Ce qui est le plus demandé aujourd'hui c'est la transversalité, de pouvoir toucher à plein de choses, d'avoir une double compétence, voire même un peu plus parfois. L'innovation est partagée par les ingénieurs et le marketing. La frontière entre le « Back office » et « Front office » est de plus en plus mince.

Les entreprises recherchent des profils variés pour pouvoir innover.

Il ne faut plus rester spécialiste dans un domaine, il faut avoir des spécialités mais il faut encore plus s'ouvrir. Il faut être ouvert pour pouvoir discuter avec des gens qui n'ont rien à voir avec notre domaine d'activité mais qui peuvent amener un plus. C’est pourquoi les entreprises de l’agro-alimentaire s’intéressent de plus en plus aux softs skills (compétences comportementales). Elles recherchent des personnes ouvertes, curieuses, qui prennent des initiatives.

Les hard skills (connaissances techniques) sont bien sûr importantes et nécessaires pour réussir dans ce domaine. Il faut connaître les « process » de fabrication, les contraintes de l'industrie agro-alimentaire, les contraintes de fabrication, les contraintes légales et de qualité. Mais ce n’est pas suffisant.

Avoir les connaissances techniques (orientation produit) et aussi marketing (orientation client) est un atout dans ce secteur.

Ce que je recherche personnellement dans le profil des étudiants que je recrute, c'est d'être impliqué et d'avoir la soif d'apprendre.

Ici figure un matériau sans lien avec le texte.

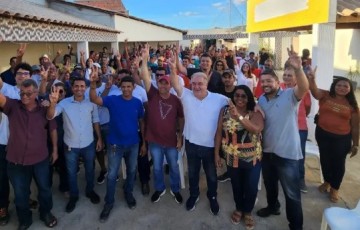 Augusto Coutinho marca presença em inaugurações em Santa Maria da Boa Vista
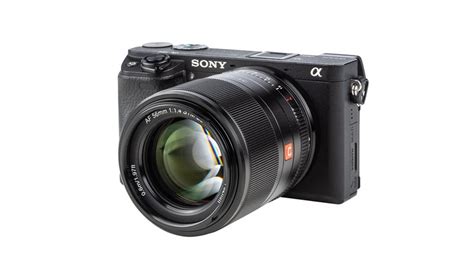 Viltrox Annuncia Gli Obiettivi Mm F E Mm F Per Aps C Sony E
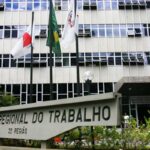 Trabalhador com deficiência deve ser indenizado em R$ 50 mil após ser apelidado de ‘calopsita manca’ 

Chaque année j’augmente le nombre d'heures d'anglais pour améliorer le niveau d'anglais de mes élèves car aujourd'hui, pour valider un diplôme d'ingénieur, il faut avoir au minimum un niveau B2 en anglais. C'est indispensable notamment pour les métiers de l’export.

Pouvez-vous nous présenter en quelques mots votre MS Marketing Communication Ingénierie des Produits Agroalimentaires ?

Le MS-Marketing Communication Ingénierie des Produits Agroalimentaires est ouvert aux Bac+5 et aussi à des niveaux Bac +4 avec 3 ans d’expérience. C’est un Mastère Spécialisé en formation continue avec un stage de 4 à 6 mois à partir du mois d'avril.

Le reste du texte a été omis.